OMG Dirty: *Shakes her head* Hak...is....interesting. Whether it's the mechanics of magic, to drunken babbling on the odder sides of relationships...
Mekta satak kai: *chuckle*
NYClark2
: Pickup lines?
OMG Dirty: IT was nice to see him again the other night. Hadn't seen his scarred up mug in awhile.
NYClark2: He shows up in places like this?
Mekta satak kai: He certainly seems to prefer them to paperwork.
OMG Dirty
: Used to all meet at the Jade Dragon.....
NYClark2: I heard that was a popular place.
Mekta satak kai: Until it was burned down. Darin tells me that they've sent for help to rebuild it.
OMG Dirty
: That'd be somethin'.
OMG Dirty: I wonder if it'd be the same though?

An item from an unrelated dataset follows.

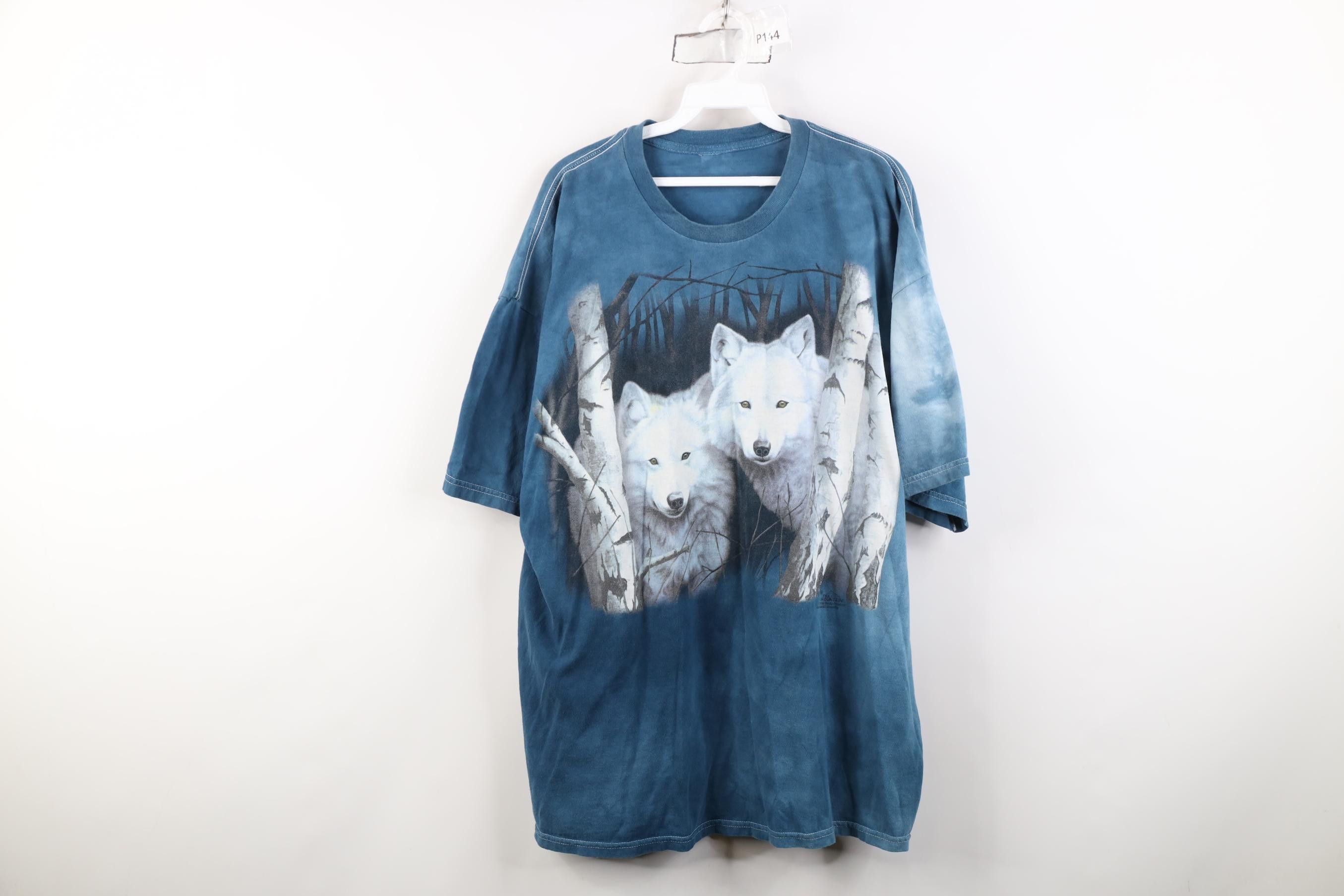 Vintage Vintage 90s Streetwear White Wolf Acid Wash T-Shirt Blue Size US XXL / EU 58 / 5 - 1 Thumbnail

Mekta satak kai: I think they've called for Druids. There are several diplomatic strings attached and all of that of course.
NYClark2
: I wouldn't know.
Mekta satak kai: But it should be getting done relatively soon, from what I hear.
NYClark2
: But as to whether or not it would be enjoyable, I suppose that depends entirely on the people who show up.
NYClark2: IM: Heh... I can hear my grandfather now... "Druids? What's wrong with fucking carpenters?"
OMG Dirty: Just wonderin' if all the old drunkards, mercs and oddballs will show back up.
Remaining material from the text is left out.